Wednesday 14 November 2012

Risks in the nuclear power industry


Risks in the nuclear power industry

Risk management in the nuclear power industry is marked by a mechanistic view of people and organisations, impairing its opportunities to learn from experiences and to predict and prevent future risks. Safety researcher Johan M. Sanne argues this in a newly published research article.
Forsmark, 25 July 2006. A faulty connection in the distribution plant outside the nuclear power facility causes an electric flash-over that knocks out the external power supply and two of the facility’s four internal backup power systems. In the control room, large parts of the instrument panel go dark. Without functioning electricity, the cooling system stops working and a meltdown threatens.
The control room operators, however, quickly understood what had happened and acted properly: They connected the facility to the regional electricity network.
Johan-M--Sanne
In the prevailing thinking on safety, people – the human factor – are seen as a risk, while machines are reliable. In the Forsmark case it was the exact opposite: the human factor saved the situation from developing into a catastrophe, and the design of the electrical system was faulty. Despite this, the operators’ efforts were never analysed in Forsmark’s own investigation after the incident.
“Here we had a golden opportunity to learn from good experiences that wasn’t utilized,” says Johan M. Sanne, researcher at the Department of Thematic Studies - Technology and Social Change, who has specialised in studying safety work in complicated technical systems. He has analysed the Forsmark investigation and interviewed key people within the nuclear power industry. And he finds that a too-narrow definition of risk and risk management makes it difficult to predict what could happen.
Two concepts are fundamental to safety work: Risk objects and an improvement script. The most important risk objects in the nuclear power industry are the human factor and the culture of safety. The improvement script is measures connected to these risk objects, such as checklists built on best practices. These lists tend to become more and more comprehensive for every incident, Sanne says.
The culture of safety is treated like a question of attitudes and morals. When it’s bad, it’s owing to bad attitudes that prioritise production over thinking about safety.
“It becomes a moralistic, condemnatory approach that does not help to understand and improve anything.
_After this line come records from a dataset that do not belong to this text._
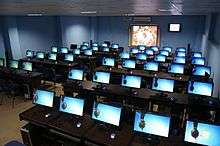 Dozens of bright blue computer screens in a large room.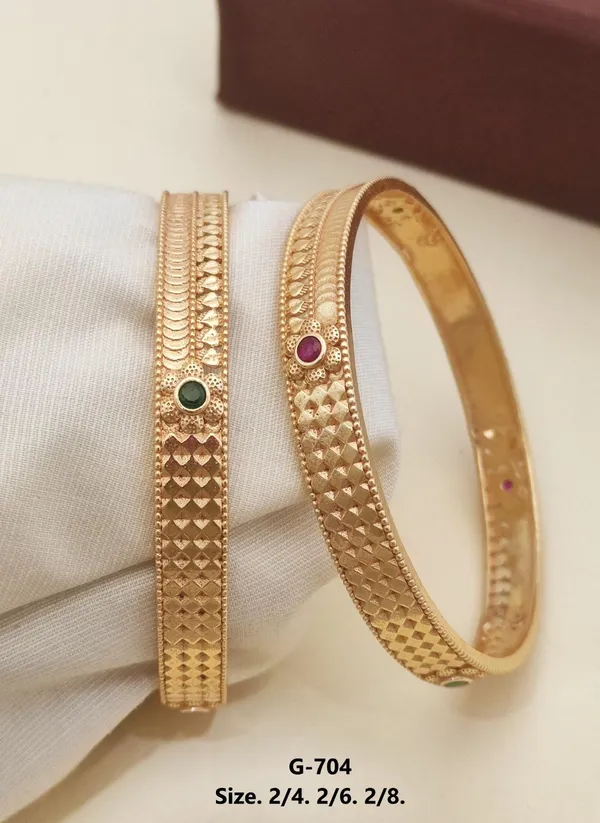 Gold_Textured_Bangles_With_Gemstone_Accents_For_Women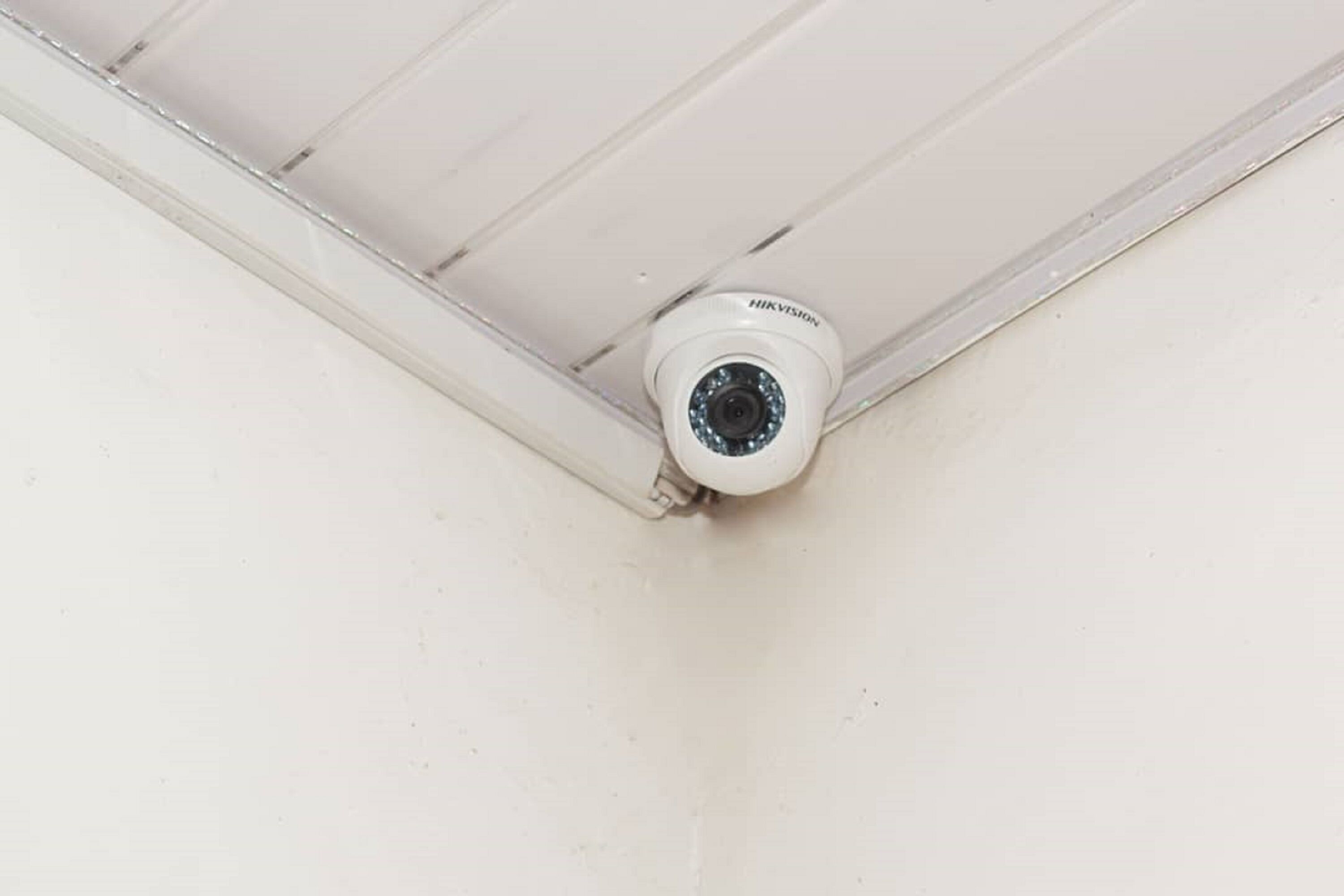 A security camera mounted on a ceiling corner.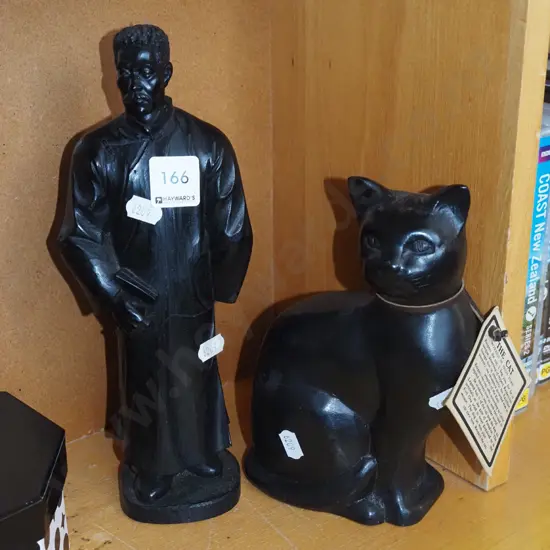 2x carved wooden figurines; cat, man with book H-280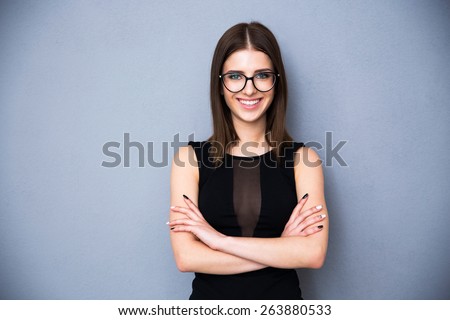 Portrait of a smiling woman in glasses and arms folded over gray background. Wearing in sexy black dress. Looking at the camera
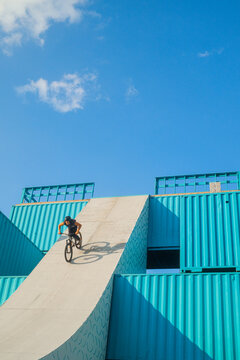 Rider On Mountain Bike Rides Extremely Off The Ramp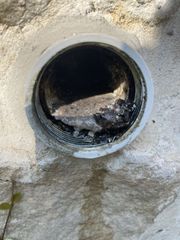 Round concrete drainage opening in a rough beige wall, with dark interior and debris inside
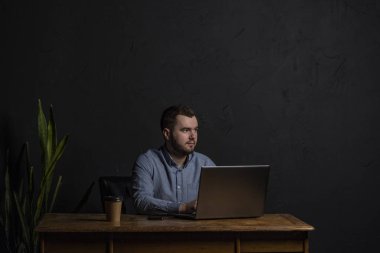 Genç işadamı ahşap masa üstünde onun laptop üzerinde çalışıyor. Metin için yer. Koyu arka plan. Metin için yer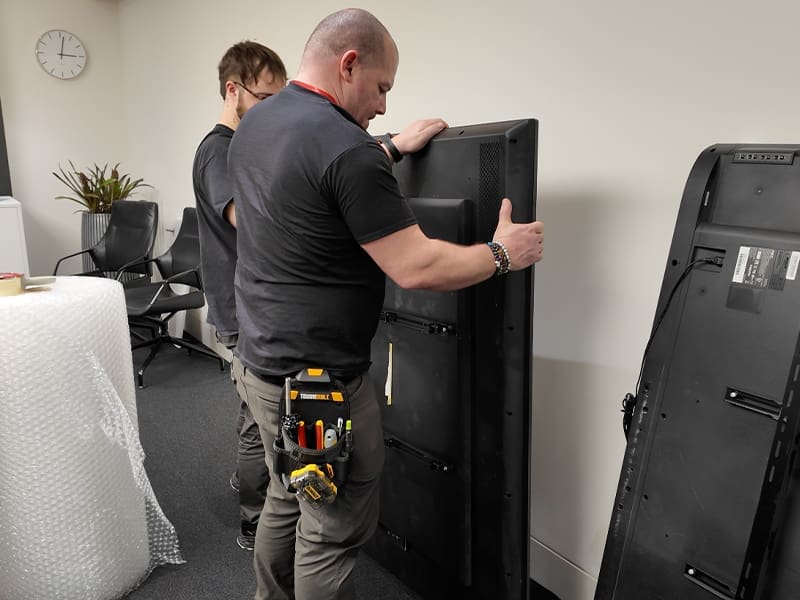 man working on a refrigerator in a room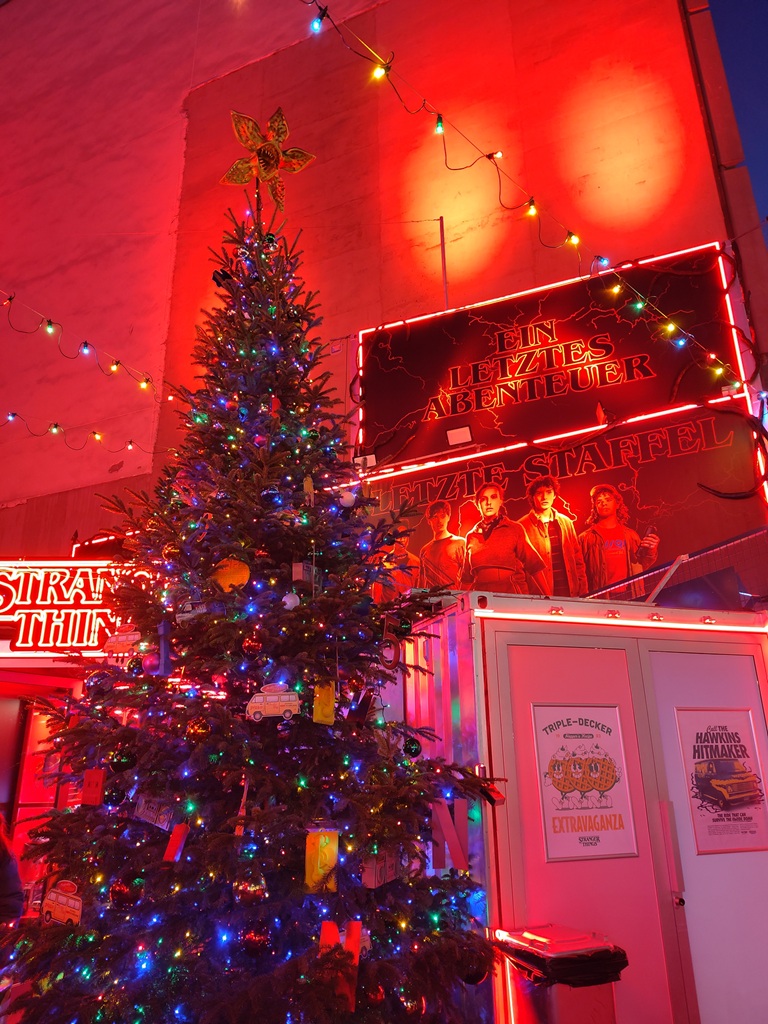 Weihnachtsbaum mit Dekoration, die Bezug zur Serie Stranger Things hat und im Hintergrund Gebäudewand mit Postern zur neuen Staffel.
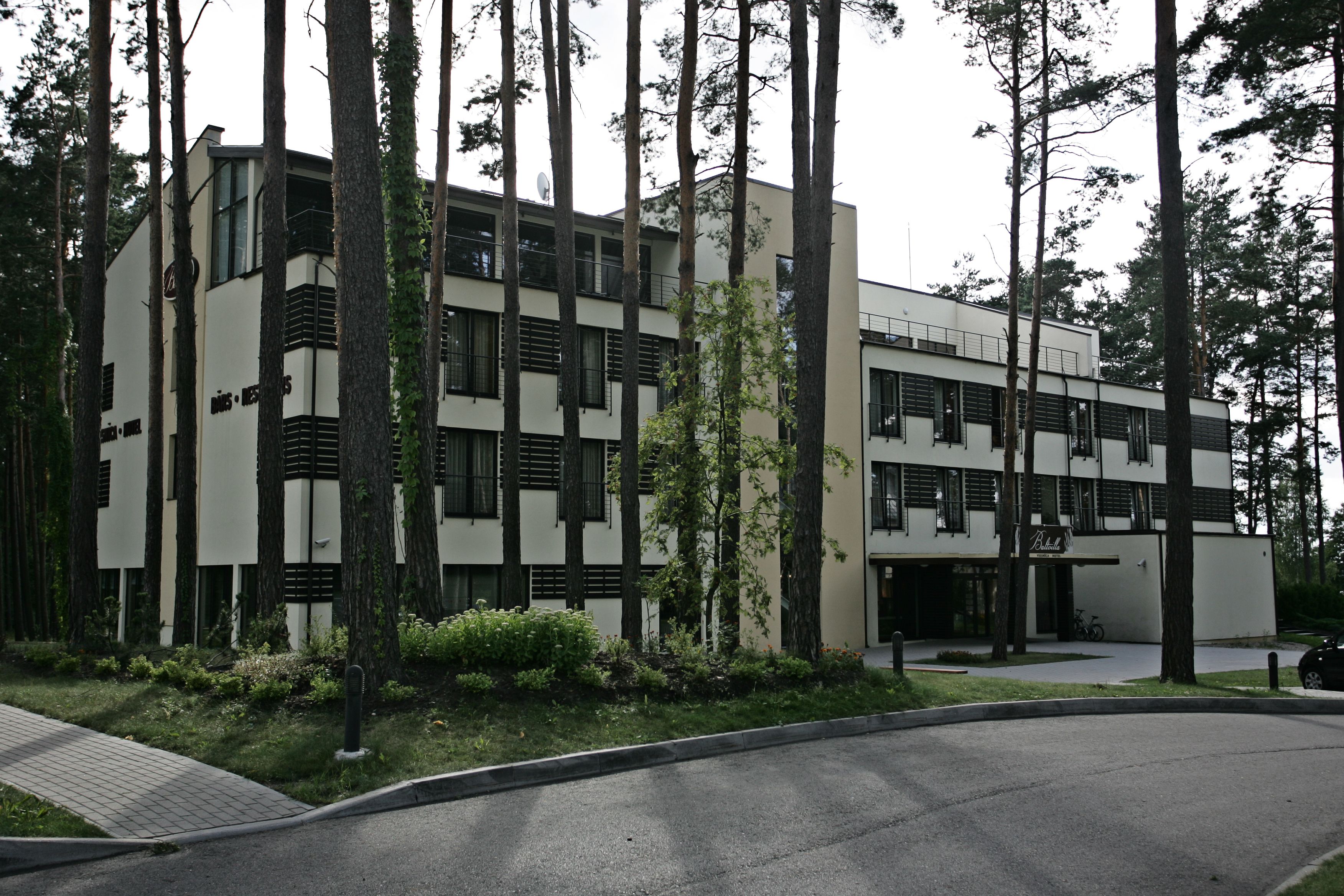 A modern building with a flat roof, large windows, and a parking area.
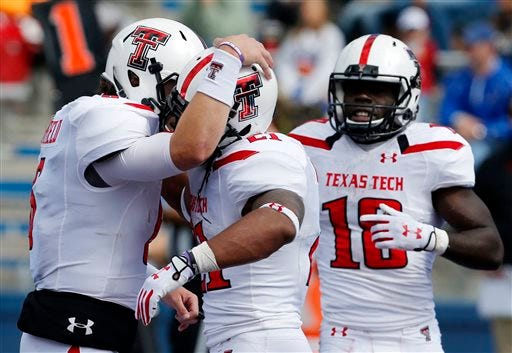 Texas Tech quarterback Baker Mayfield, left, celebrates a touchdown with running back DeAndre Washington (21) and wide receiver Eric Ward (18) during the second half of an NCAA college football game against Kansas in Lawrence, Kan., Saturday, Oct. 5, 2013.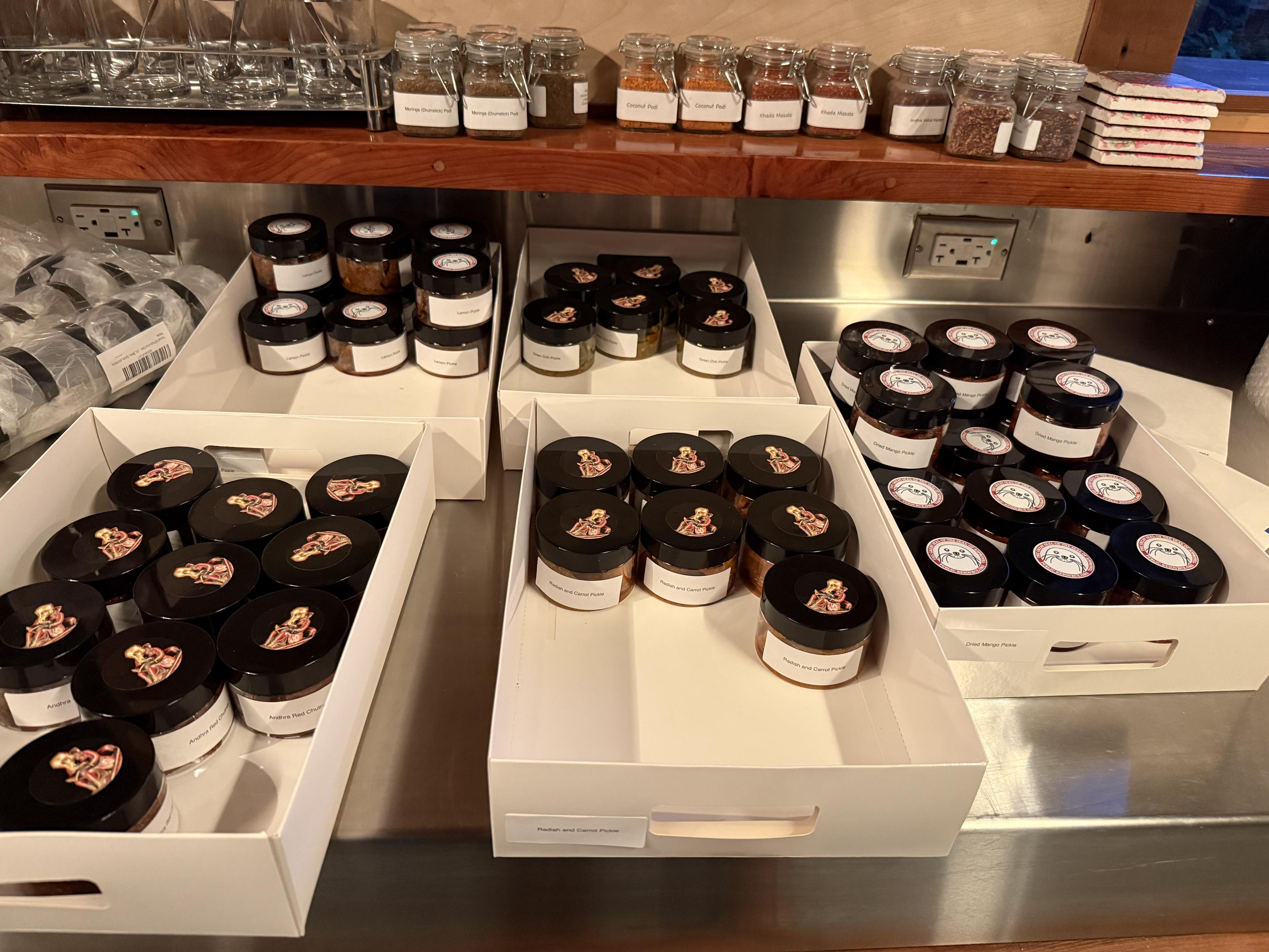 Five flats, each with 12-30 containers of pickles. The jars are 4 ounces each. The shelf over the flats have jars of masala blends.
Regardless of how good an attitude you have, you can end up in an acute situation where you don’t have the resources needed; instead you’re forced to make impossible compromises.”
What happened in Forsmark in July 2006 was due to several design flaws, even breaches of the rules. For example, there were a total of four emergency electric systems that were mutually dependent on each other, which they shouldn’t have been according to the rules. The triggering factor, however, was a person: an electrician who, owing to inaccurate instructions, made a faulty connection outside the nuclear power facility itself. The consequences hadn’t been foreseen by the experts.
Sanne presents his argument in terms of “single-loop” and “double-loop” learning. Single-loop is looking at the same things based on the same understanding, and learning in the same way as before. This characterises most organisational learning. Double-loop is reconsidering basic conceptions, for example about what is a risk.
Today, risk analysis consists of identifying problems we already recognize, applying the same solutions as before. The questions determine the answers. Imagining the unknown is difficult; it requires going outside known frameworks. Sanne talks about a mechanistic viewpoint with a linear view of the connection between cause and effect, where all mistakes can be avoided through good engineering design and control.
But instead of building the human factor out of the equation, it should be taken advantage of, he continues.
“The Forsmark operators did the right thing. But their efforts weren’t investigated. We could have a lot to learn there about how people act in complex situations.”
Because, he argues, regardless of how clear the rules are, they are interpreted differently by different people in different situations. Checklists are not enough; experience is required for handling the unknown.
His conclusion is that organisational learning in our nuclear power stations is too important to leave to the engineers. The experts in both the nuclear power industry and the supervisory authorities, are close to each other and think in far too similar a manner. New perspectives are needed. He proposes bringing in social scientists, anthropologists, and organisational researchers.
A year after the Forsmark incident the problem was fixed, and confidence in nuclear power restored. Case closed, Sanne argues, and points out how reports and investigations tend to normalise the abnormal. “It went OK, we made it.” At the same time, his informants in the interviews showed honest surprise and concern over what happened and the vulnerability it revealed. The risks in nuclear power can never be built out of it. But with a broader perspective, expanded reference frameworks and more imagination, perhaps they can still be reduced – that is Sanne’s message.
The article, titled “Learning from adverse events in the nuclear power industry: Organizational learning, policy making and normalization”, has been published in Technology in Society.